Na edição desta semana, Veja reproduz informações colhidas do acusador de Battisti, publicadas pela revista italiana Panorama, na qual são reforçadas as alegações das autoridades italianas, segundo as quais o ex-terrorista teve amplas condições de defesa e seu julgamento foi correto.


Ponto para Veja, por sua determinação de continuar perseguindo o tema, acrescentando os dados que se tornaram disponíveis nos dias seguintes.


Mas a controvérsia não se esgota neste ponto.


Tanto no caso de Cesare Battisti como em quaisquer outros temas em que a interpretação depende em parte dos pendores ideológicos de quem opina, o que temos visto na imprensa brasileira é a contaminação da questão central pelo viés ideológico.



Esse é um fenômeno que vem afetando a capacidade de interpretação dos principais órgãos da imprensa brasileira há alguns anos.


Até mesmo a operação policial que resultou no pacote de acusações contra o banqueiro Daniel Dantas, que trata essencialmente de crimes financeiros, fraudes contra o Tesouro, e de crimes comuns, como falsidade ideológica e quebra de privacidade, virou objeto de disputa política no sentido mais rasteiro.


Altas autoridades da República, como ministros de Estado e representantes da mais alta corte de Justiça, disputam espaços na imprensa, atiçando um debate que nunca chega ao ponto central.


O leitor que ainda pretende observar o mundo com objetividade tem cada vez mais trabalho para buscar informações limpas, que não estejam contaminadas na origem.



Semeando confusão


O problema principal, quando a orientação ideológica determina as escolhas da imprensa, é que a própria imprensa perde credibilidade.


Mas as consequências podem ser ainda piores para a sociedade no longo prazo, uma vez que progressivamente se vão acumulando as desconfianças sobre as razões de cada lado, o que acaba por transformar os diálogos em perigosas altercações, nas quais a intenção do convencimento é substituída pela destruição das razões do outro.


Uma leitura cruzada do noticiário sobre os dois temas citados – o caso do italiano Cesare Battisti e as ações do Judiciário e do Ministério da Justiça contra o banqueiro Daniel Dantas – indica, por exemplo, que já há quem misture uma coisa com outra, identificando nas ações contra Dantas a mesma motivação ideológica que estaria por trás da negação da extradição de Battisti.
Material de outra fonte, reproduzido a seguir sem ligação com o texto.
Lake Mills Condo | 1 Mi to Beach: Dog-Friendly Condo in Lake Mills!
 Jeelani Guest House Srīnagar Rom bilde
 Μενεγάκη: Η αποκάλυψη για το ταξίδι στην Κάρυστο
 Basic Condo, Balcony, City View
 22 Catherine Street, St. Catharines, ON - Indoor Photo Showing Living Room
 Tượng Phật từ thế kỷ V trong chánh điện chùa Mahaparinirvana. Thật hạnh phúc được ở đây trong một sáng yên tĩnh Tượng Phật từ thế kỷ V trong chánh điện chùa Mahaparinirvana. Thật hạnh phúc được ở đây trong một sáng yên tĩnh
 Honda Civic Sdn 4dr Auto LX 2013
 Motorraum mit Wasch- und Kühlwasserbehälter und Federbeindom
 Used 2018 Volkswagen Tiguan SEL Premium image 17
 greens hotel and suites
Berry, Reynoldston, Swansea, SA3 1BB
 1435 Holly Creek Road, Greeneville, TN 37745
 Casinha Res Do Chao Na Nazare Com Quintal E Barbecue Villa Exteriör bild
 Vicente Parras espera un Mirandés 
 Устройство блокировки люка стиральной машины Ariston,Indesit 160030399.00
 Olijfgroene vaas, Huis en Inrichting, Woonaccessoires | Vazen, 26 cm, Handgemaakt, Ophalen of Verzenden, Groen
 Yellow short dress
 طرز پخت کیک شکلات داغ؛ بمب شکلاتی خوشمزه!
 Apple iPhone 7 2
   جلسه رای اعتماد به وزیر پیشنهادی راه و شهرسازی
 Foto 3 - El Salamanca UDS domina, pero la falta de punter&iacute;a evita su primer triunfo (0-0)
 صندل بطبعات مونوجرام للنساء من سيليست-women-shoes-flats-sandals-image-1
O avanço da irracionalidade é mais evidente na internet.


Autores e comentadores de blogues já fazem circular versões criativas relacionando o caso Battisti ao julgamento do controlador do Banco Opportunity, muito possivelmente como resultado das ações de lobistas a serviço de Daniel Dantas.


Da mesma forma, o noticiário contaminado pelo viés ideológico dá espaço para interpretações segundo as quais algumas iniciativas contra Dantas, o ex-prefeito Celso Pitta e outros personagens de escândalos recentes seriam motivadas por interesses políticos.


Como os novos meios de circulação de informações funcionam como espirais, nas quais um dado original é reforçado ou distorcido pela contribuição de muitos leitores e comentadores, em muitos casos versões delirantes ou de má fé acabam pesando tanto na formação de opiniões quanto o trabalho jornalístico bem fundamentado.



A imprensa brasileira está antecipando a disputa eleitoral de 2010, em meio aos esforços do governo, da iniciativa privada e dos setores sindicais para encontrar um caminho para fora da crise.


Ao alimentar interpretações ideologizadas para tudo que acontece, a imprensa dificulta o entendimento desses esforços e contribui para que o clima de campanha vá se tornando cada vez mais acirrado.


A sociedade não ganha com a irracionalidade.